1## Custom memory allocator
2
3LibSass comes with a custom memory allocator to improve performance.
4First included in LibSass 3.6 and currently disabled by default.
5Needs to be enabled by defining `SASS_CUSTOM_ALLOCATOR`.
6
7### Overview
8
9The allocator is a pool/arena allocator with a free-list on top. The
10memory usage pattern of LibSass fits this implementation very well.

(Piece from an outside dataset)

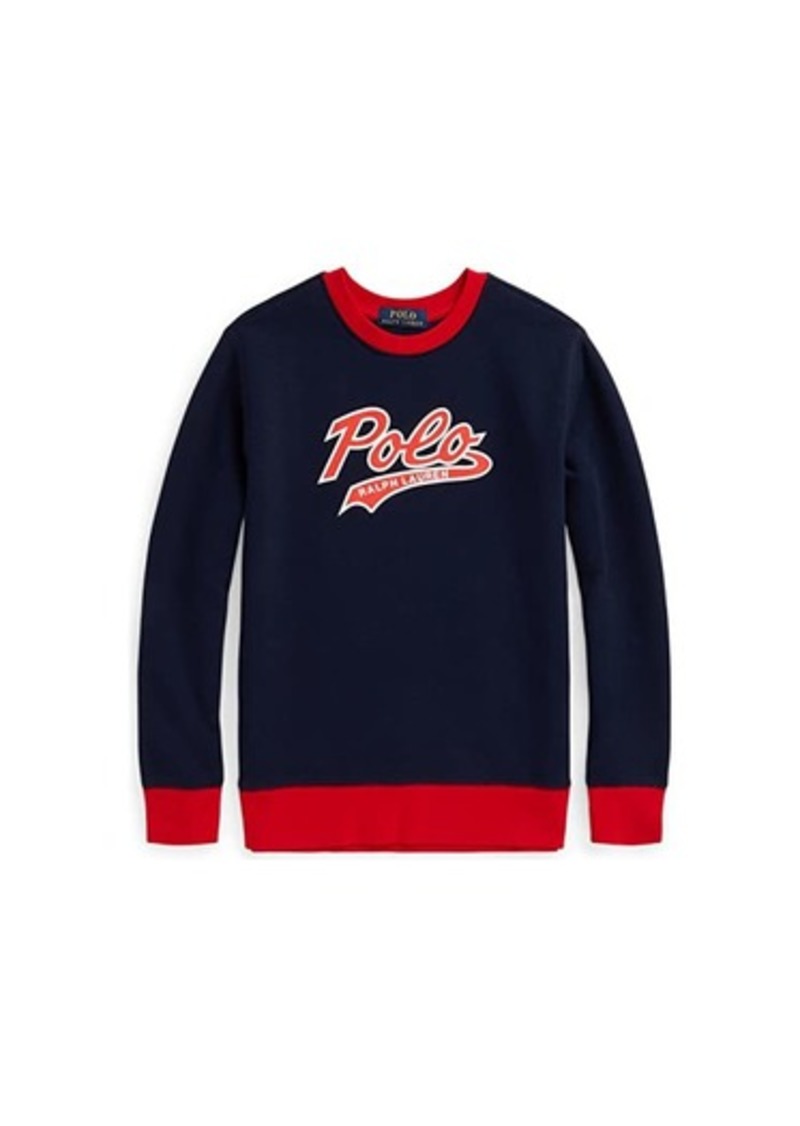 Ralph Lauren: Polo Logo Fleece Sweatshirt (Big Kids)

11Every compilation tends to accumulate memory and only releasing some
12items from time to time, but the overall memory consumption will mostly
13grow until the compilation is finished. This helps us to keep the
14implementation as simple as possible, since we don't need to release
15much memory back to the system and can re-use it instead.
16
17### Arenas
18
19Each arena is allocated in a (compile time) fixed size. Every allocation
20request is served from the current arena. We basically slice up the
21arena into different sized chunks. Arenas are never returned to the
22system until the whole compilation is finished.
23
24### Slices
25
26A memory slice is a part of an arena. Once the system requests a sized
27memory chunk we check the current arena if there is enough space to
28hold it. If not a new arena is allocated. Then we return a pointer
29into that arena and mark the space as being used. Each slice also
30has a header which is invisible to the requester as it lies before
31the pointer address that we returned. This is used for book-keeping.
32
33### Free-lists (or buckets)
34
35Once a memory slice is returned to the allocator it will not be released.

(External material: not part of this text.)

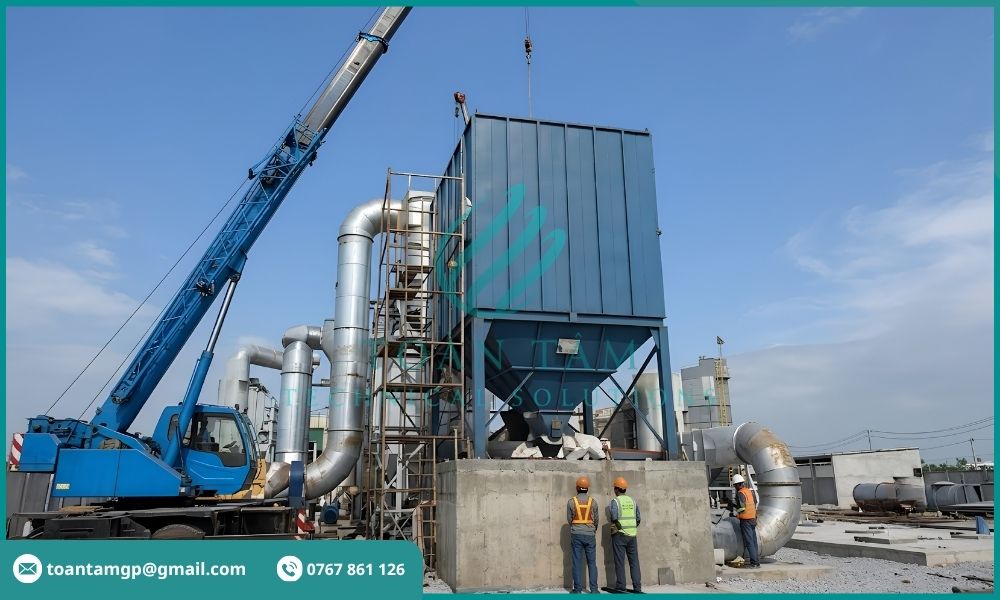Lắp đặt hệ thống xử lý bụi cho nhà máy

36It will instead be put on the free list. We keep a fixed number of free lists,
37one for every possible chunk size. Since chunk sizes are memory aligned, we
38can get the free-list index (aka `bucket`) very quickly (`size/alignment`).
39For further readings see https://en.wikipedia.org/wiki/Free_list.
40
41### Chunk-sizes
42
43Since arenas are of fixed size we need to make sure that only small
44enough chunks get served from it. This also helps to keep implementation
45simple, as we can statically declare some structures for book-keeping.
46Allocations that are too big to be tracked on a free-list will be patched
47directly to malloc and free. This is the case when the bucket index would
48be bigger than `SassAllocatorBuckets`.
49
50### Thread-safety
51
52This implementation is not thread-safe by design. Making it thread-safe
53would certainly be possible, but it would come at a (performance) price.
54Also it is not needed given the memory usage pattern of LibSass. Instead
55we should make sure that memory pools are local to each thread.
56
57### Implementation obstacles
58
59Since memory allocation is a core part of C++ itself, we get into various
60difficult territories. This has specially proven true in regard of static
61variable initialization and destruction order. E.g when we have a static
62string with custom allocator. It might be that it is initialized before
63the thread local memory pool. On the other hand it's also possible that
64the memory pool is destroyed before another static string wants to give
65back its memory to the pool. I tried hard to work around those issues.
66Mainly by only using thead local POD (plain old data) objects.
67
68See https://isocpp.org/wiki/faq/ctors#static-init-order
69
70### Performance gains
71
72My tests indicate that the custom allocator brings around 15% performance
73enhancement for complex cases (I used the bolt-bench to measure it). Once
74more get optimized, the custom allocator can bring up to 30% improvement.
75This comes at a small cost of a few percent of overall memory usage. This
76can be tweaked, but the sweet spot for now seems to be:
77
78```c
79// How many buckets should we have for the free-list
80// Determines when allocations go directly to malloc/free
81// For maximum size of managed items multiply by alignment
82#define SassAllocatorBuckets 512
83
84// The size of the memory pool arenas in bytes.
85#define SassAllocatorArenaSize (1024 * 256)
86```
87
88These can be found in `settings.hpp`.
89
90### Memory overhead
91
92Both settings `SassAllocatorBuckets` and `SassAllocatorArenaSize` need
93to be set in relation to each other. Assuming the memory alignment on
94the platform is 8 bytes, the maximum chunk size that can be handled
95is 4KB (512*8B). If the arena size is too close to this value, you
96may leave a lot of RAM unused. Once an arena can't fullfil the current
97request, it is put away and a new one is allocated. We don't keep track
98of unused space in previous arenas, as it bloats the code and costs
99precious cpu time. By setting the values carefully we can avoid the cost
100and still provide reasonable memory overhead. In the worst scenario we
101loose around 1.5% for the default settings (4K of 256K).
102
103### Further improvements
104
105It is worth to check if we can re-use the space of old arenas somehow without
106scarifying to much performance. Additionally we could check free-lists of
107bigger chunks sizes to satisfy an allocation request. But both would need
108to be checked for performance impact and their actual gain.